Given Pakistan’s need for foreign exchange, the state must ensure better power and gas supplies to the exporting sectors. Currently, various power plants having 6,000MW capacity were closed due to unavailability of fuel including coal gas and furnace oil. The country is facing unannounced load shedding of 10-15 hours as the electricity shortfall has reached 7,000MW.
But exporting sectors should not be subjected to power load shedding so as to ensure sustained production. In fact, exporters must have preference over all other consumers when it comes to power supply.
Supply of gas on the other hand is a different matter. Russia’s war on Ukraine has upset the oil, gas and agricultural markets across the world, which has spurred price surges and created an energy crisis. These have also brought on inflationary pressures and economic downturns across the globe.
Pakistan is not different.

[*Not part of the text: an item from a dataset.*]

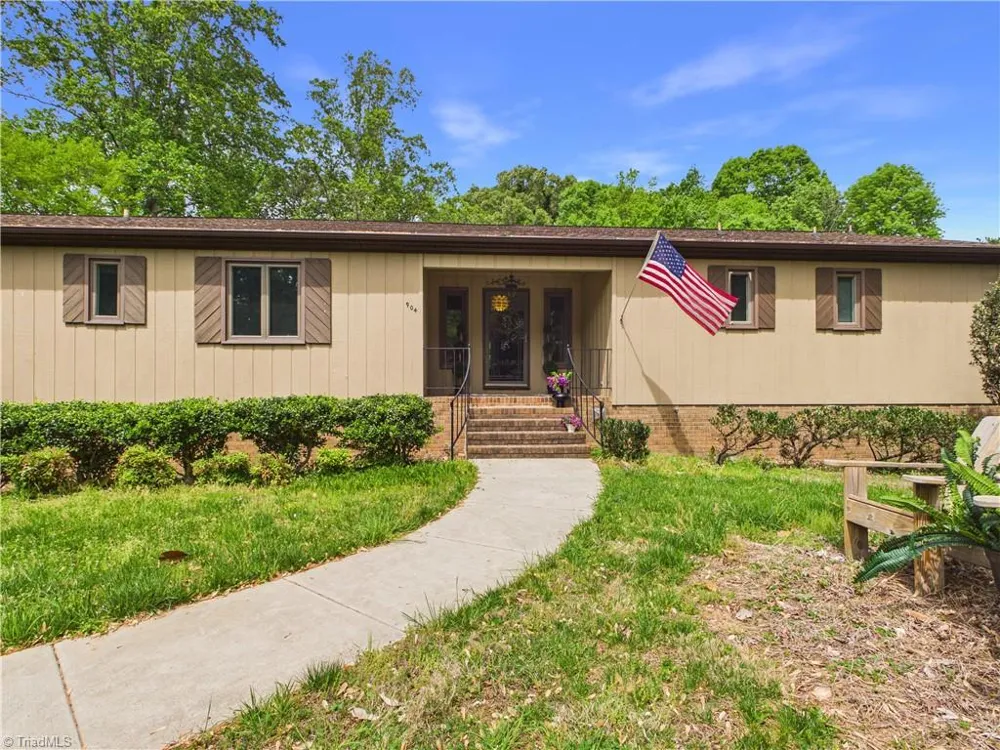 904 Fairidge Drive Jamestown, NC 27282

Pakistan has not been able to procure LNG at any price because the Europeans have booked all Asian supplies of LNG in advance. We are starved of gas and the government is helpless in this regard.
The textile sector recently expressed fear that it would lose exports worth $1 billion in the first 15 days of July due to gas closure and Eidul holidays. It requested the government to restore supplies to exporting industries.
All Pakistan Textile Mills Association (APTMA) said that the textile industry has achieved a new record in terms of exports reaching nearly $20 billion from $12.5 billion just two years ago. This growth was credited to the implementation of the Regionally Competitive Energy Tariff (RCET) by the APTMA.
If one takes a look at the region, including India and Bangladesh. Prices have surged in these countries too. Gas prices in Bangladesh have recently been increased by over 22 percent, but for large industries (exporters) the increase is 12 percent. On March 31, 2022, the Indian government increased the price of domestic gas from $2.9/mmBtu (metric million British thermal units) to $6.10/mmBtu, an increase of over 110 percent. The government also increased the price ceiling for deep water, ultradeep water, high temperature, and high-pressure gas to $9.92/mmBtu from $6.13/mmBtu, an increase of over 61 percent.
The benchmark for Asian spot LNG imports increased to over $35/mmBtu in March 2022, an increase of over 1,650 percent following the crisis in Ukraine and the related natural gas supply risks. If India sourced 25 percent of LNG at a spot price of over $35/mmBtu, it would cost more than $9.8 billion.
The average power purchase price on India’s largest electricity exchange, Indian Energy Exchange Ltd averaged 8.23 Indian rupees ($0.1087) per kilowatt hour (kWh), over double the average price in March 2021. The industries mainly buy power in this exchange. In Pakistani rupees, the rate comes to Rs21.63 per kWh. Every other country in the region is constrained to increase power rates because of the high cost of power generation fuels.
Pakistan is passing through the worst ever economic crisis. Each citizen is bearing an added burden. It is time that our exporters start acting rationally instead of misguiding the government with outdated statistics from competing economies.
Unfortunately, rulers and bureaucrats do not check the facts. They are so naive that they even accept textile millers’ claim that textile machinery worth $5 billion has been imported in the country in one year. The data from Pakistan Bureau of Statistics shows that the actual imports in past four years up to April 2022, were only $211 million.
In the current testing times, these statistics must not be distorted to misguide policymakers. The exporters do need regionally competitive power and gas tariffs. The tariffs must be determined in line with current realities.
A reminder is also needed that the power and gas tariff under the previous subsidised scheme was higher than regional rates. Even then the exports surged. The exporters must accept a little higher tariff like in the past. The current economic situation also demands this.
The massive decline in rupee value has given the exporters an edge over their regional competitors in terms of lower wages they have to pay their workers in dollar terms.